A loro è affidata la vita di un gregge, per custodire il quale, il più delle volte, essi sono chiamati a star dietro, alle sue spalle: si pongono alla sua testa esclusivamente in caso di pericolo. Questo “senso della posizione” dovrebbe essere appreso da chi il pastore lo fa in una Chiesa e che si trova assai spesso in prima fila piuttosto che nelle retrovie, a togliere protagonismo e centralità a quella comunità che egli è chiamato a servire scoprendoni doni e non a “guidare” con il suo carisma.

Il pastorato è un ministero, ovvero è un servizio: non ha autorità alcuna il pastore; dovrebbe essergli riconosciuta, piuttosto, autorevolezza, sempre da quella comunità che è chiamata a formarlo, ad accompagnarlo e, quando è utile, a contraddirlo.

Un passo indietro rispetto alla sua comunità: ecco il posto che spetta al pastore. Quello che di solito egli occupa di meno. Imparare ad esporsi soltanto quando serve: e si tratta, il più delle volte, di momenti delicati, di circostanza scomode e talvolta persino rischiose. È in quei frangenti che un pastore è chiamato a dimostrare, nei fatti, il suo amore per la comunità e la sua vocazione profetica assai prima che ecclesiastica: è lì che deve stare un passo avanti.
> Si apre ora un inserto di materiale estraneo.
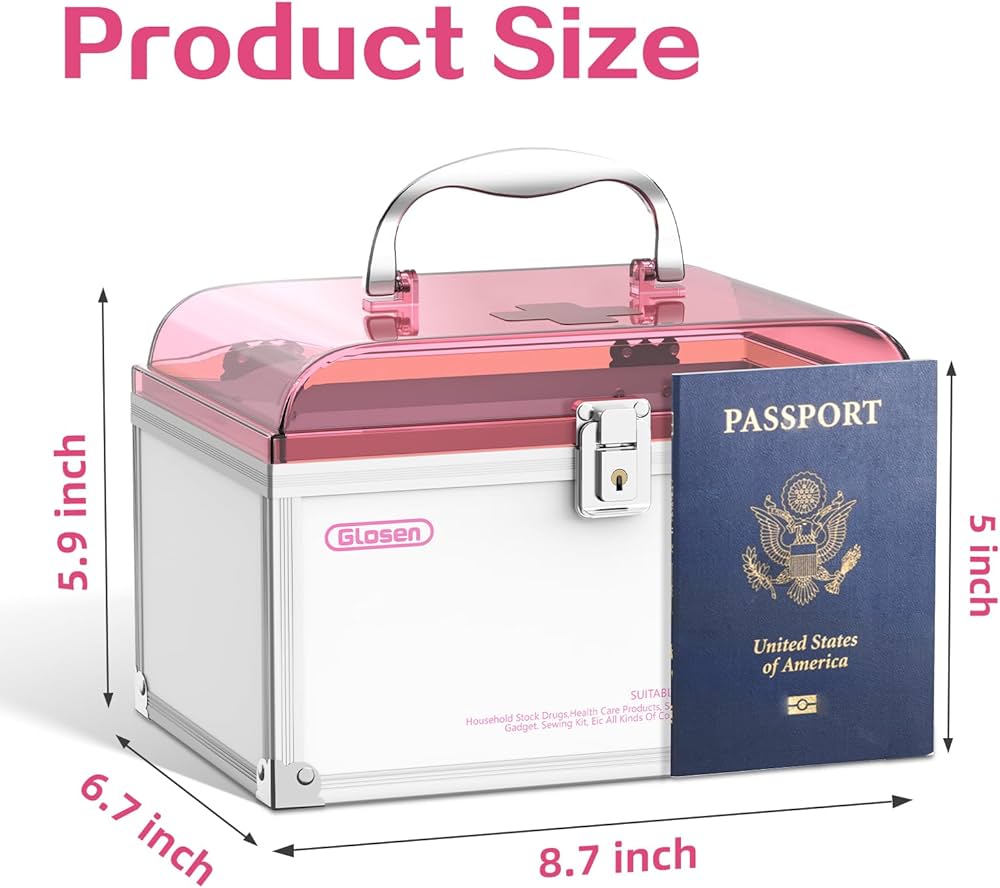Amazon.com: Glosen Medicine Lock Box With Key,pink,8.46 * 5.87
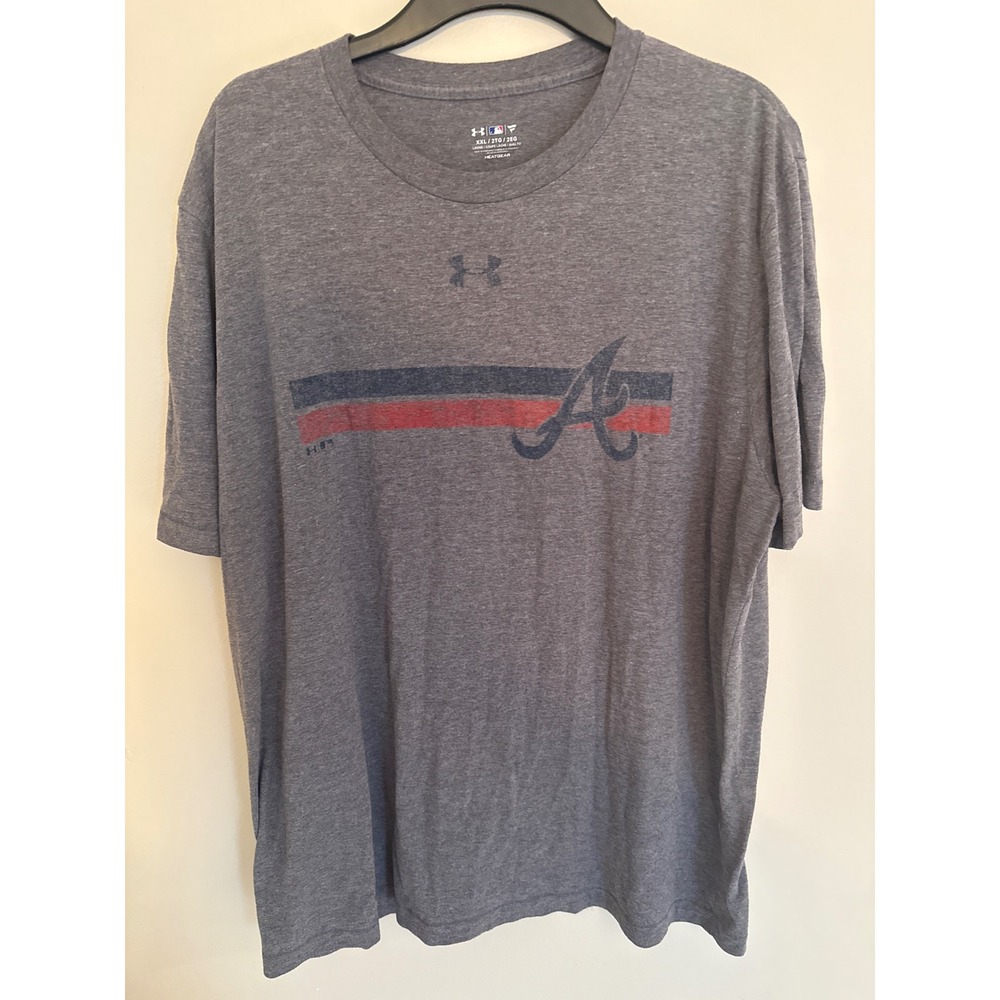 Under Armour Atlanta Braves MLB HeatGear T-Shirt Mens XXL Gray Short Sleeve Tee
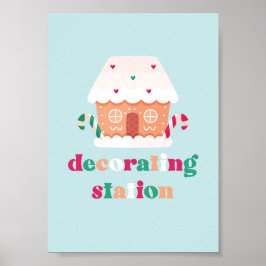 Gingerbröd House Decororation Party Sign Poster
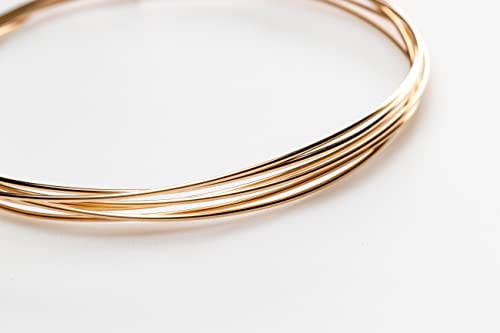 25 Gauge, 14K Solid Yellow Gold Wire Soft Round Made in USA - 1FT by CRAFT WIRE - size: 25 Gauge, style: 1 Foot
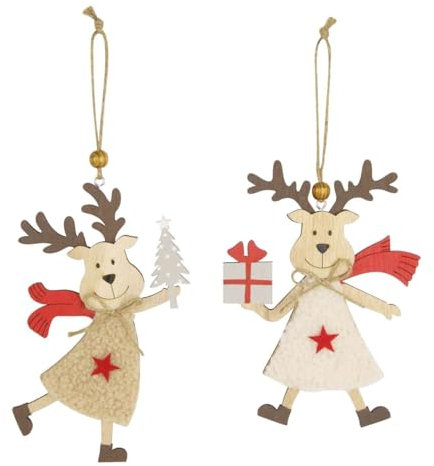 Trend Line Weihnachtsanhänger Holz Rentier 11 x 17 cm Natur-rot Weihnachtsanhänger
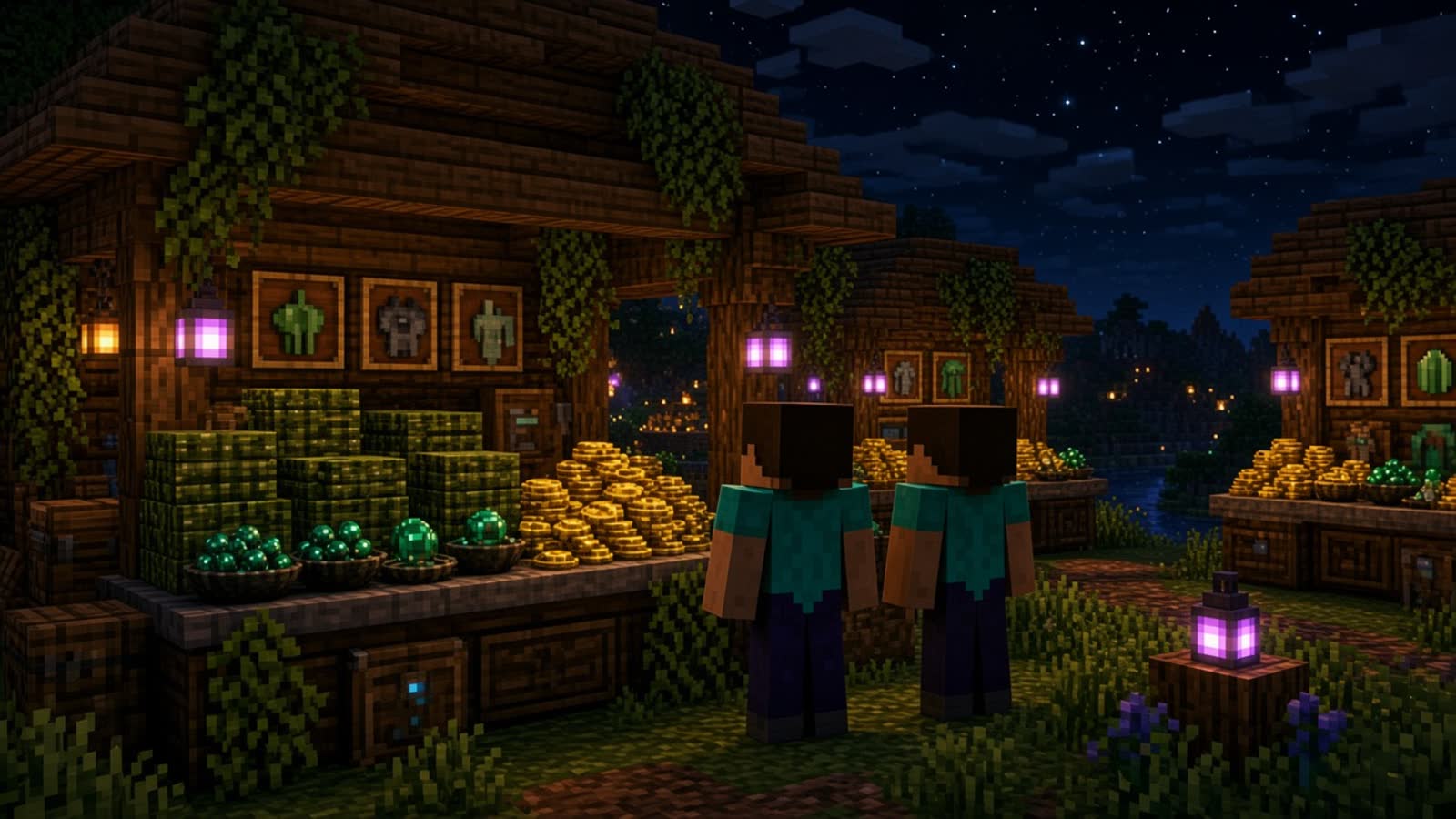 Night market of wooden stalls with item frames, gold coin piles, and two blocky players seen from behind. Mood illustration, not live UI.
Ed è lì, molte volte, quando più si avrebbe bisogno di lui, o di lei, che scompare, si dilegua.

I pochi che, invece, si espongono, sono spesso oggetto delle rispettive Chiese, che non di rado finiscono per abbandonarli al loro destino, con la scusa, sempre valida, che “in fondo se la sono cercata”. Poi, quando le acque si sono calmate, ne faranno dei santi: sempre dopo, però. Prima non conviene. I santi sono utili dopo; prima servono donne e uomini: ma di quelli se ne trovano pochi, sono merce rara.

Noi occidentali, è noto, abbiamo con la terra un rapporto di possesso, fondato sul presunto diritto allo sfruttamento: di fatto la terra non la conosciamo più e non sappiamo più ascoltarne le richieste e i clamori. Abbiamo dimenticato che da noi dipende la sua vita e da lei la nostra sopravvivenza.

Non così i pastori: loro, umili, sanno di venire dalla terra, di esserle debitori di tutto ciò che sono e non solo di ciò che hanno. Ed è a loro che Dio affida il lieto annuncio, che prende il volto di un bimbo: perché chi ha cura della terra garantisce a lei e a sé un futuro. Di questo neonato il messaggero di Dio dirà qualcosa di inatteso: “È stato generato per voi oggi un salvatore”.

Il nome stesso del piccolo, Gesù, in ebraico Yehoshua, significa proprio “Dio ha salvato”: al passato, perché la lingua ebraica non conosce il presente. La salvezza è comunicata come un qualcosa di già avvenuto, come ciò che sta da sempre nei pensieri di Dio.

Come Chiese cristiane siamo (mal) abituate a declinare questa salvezza in senso religioso, astratto, in fin dei conti innocuo, perché una religione costituita non scomoda i poteri, li legittima. Invece il Dio che specchia la propria volontà nel volto di un bimbo parla la salvezza in ben altro modo: questo salvatore, dice infatti il messaggero di Dio, è “per voi”: intendendo, con ciò, quegli stessi pastori a cui le sue parole sono dirette.

È un messia per diseredati, che chiama gli ultimi quali suoi testimoni, perché saranno proprio costoro i destinatari di un evangelo che è rivolto a tutti soltanto nella misura in cui esso rivela la sua parzialità in favore degli esclusi”.